Protein seems to be the biggest rage in the fitness industry these days. Everyone and their mothers seem to be on a high protein, low carb, gluten free, free range, organic grass fed diet. Yes, protein is great but it’s not the only thing that helps you stay fit and you don’t need as much as you think.
The rise in popularity of protein powders seems to have given birth to a lot of silly new myths. Let’s get myth busting.
Myth 1 – Protein Powder is Cheating
This one just downright annoys me. Some people assume that if you take protein powder, you will magically get shredded and muscles will start popping out of places you didn’t know existed. It’s just stupid. Protein powder is nothing but protein, a macronutrient found in just about any food.
It’s just a convenient way to get in your daily protein if you find eating enough is difficult for you. It’s no different than grinding chicken into a powder (if you could do that) and consuming it. It’s not a magic powder, just a convenient one.

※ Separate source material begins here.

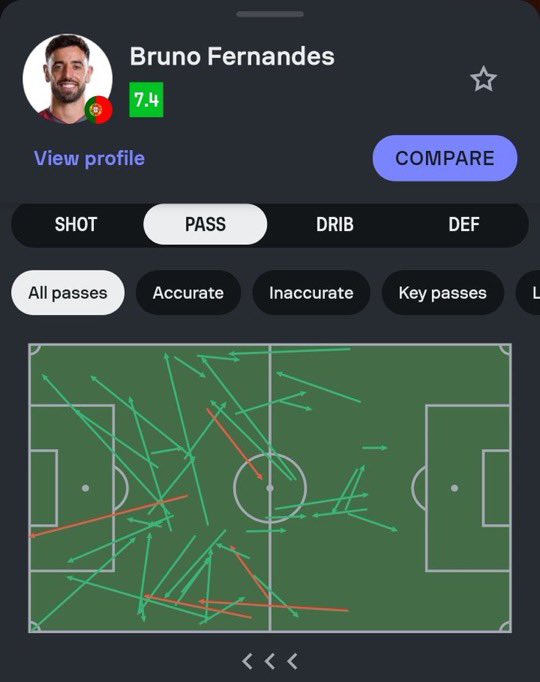 yassronaldo's tweet photo. “Cristiano es el lastre de Portugal”

Los jodidos pases de Bruno Fernandes y Vitinha: https://t.co/bVJCj0HsLp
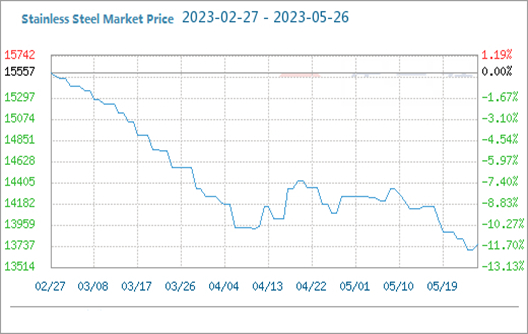 The Stainless Steel Market Price Fell First then Rose (5.22-5.26)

Myth 2 – You Need 1 Gram of Protein Per Pound of Bodyweight
I know a lot of people who will disagree with me here. Heck, you’re probably raging right now typing an angry letter in the comments. Well, calm down. I know it hurts that you spent all that money on protein powders but unless you are chemically enhanced or at the peak of your physical conditioning, you do not need to consume that much protein.

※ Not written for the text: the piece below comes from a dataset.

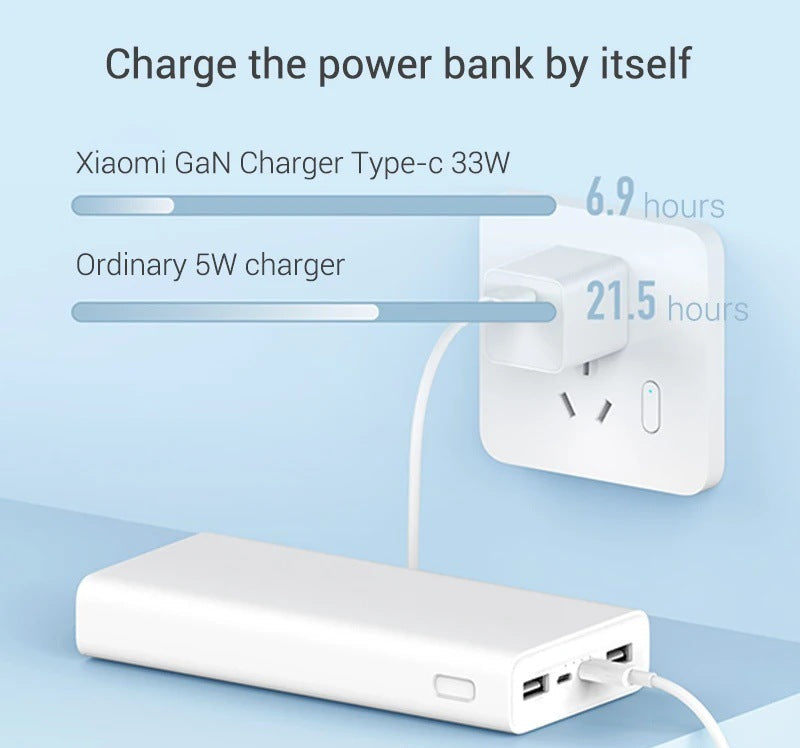 High-capacity twenty thousand mAh portable power bank with dual USB-A and USB-C fast charge ports Bowlift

For most ordinary folks 0.7 grams per pound of bodyweight is more than enough. Try it out for a few weeks. If you lose all your muscle and shrivel up into a raisin, come back and finish your angry comment.
Myth 3 – Protein is Harmful to the Kidneys
This is another silly myth. Unless you already have a pre-existing medical condition, daily protein consumption is completely safe for you in normal amounts (remember, you don’t need so much protein anyway) and yes, upwards of 2grams per pound of bodyweight is safe, if you’re going to do that anyway.

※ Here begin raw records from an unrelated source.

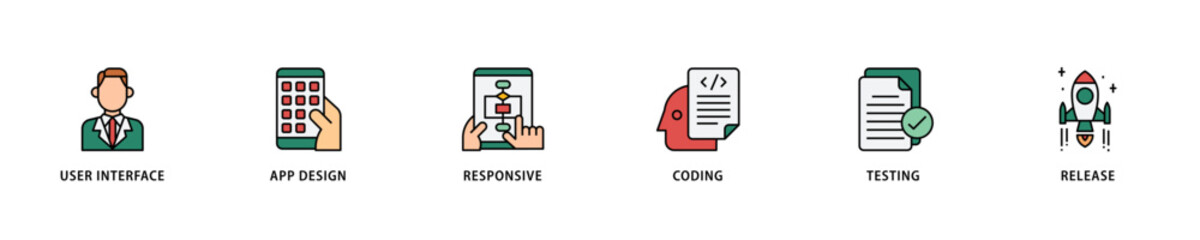 App development icon set flow process which consists of coding, release, testing, responsive, app design, user interface icon live stroke and easy to edit .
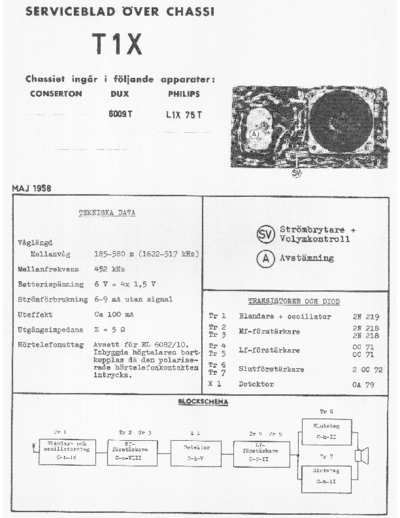 Philips Philips+T1x+Vintage  Philips Audio T1X Philips+T1x+Vintage.pdf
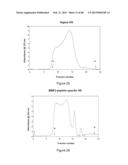 Glycosaminoglycans diagram and image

Now, if you get the bulk of your daily protein from protein powders, well, eat real food first and if you can’t do that then at least make sure that your powder is of very high quality and free from dangerous chemicals that will harm your liver and kidneys.
Always make sure you are drinking enough water when consuming high amounts of protein. You should be doing that regardless.
Myth 4 – Protein Can’t Make You Fat
Sorry to tell you this but any type of protein contains calories. If you consume more calories than you burn, you will gain fat. It doesn’t matter whether these calories are from protein, carbs or fat. If you eat a whole bunch of steaks and chicken thinking you’re never going to get fat because you’re on a low-carb diet, well, think again.
The reason a lot of people lose weight on a low carb high protein diet is because protein helps you to stay full longer which means you eat less. Carbs are also known to store water, which explains the initial weight loss when cutting out carbs. Protein itself doesn’t burn fat and you should watch how much you eat.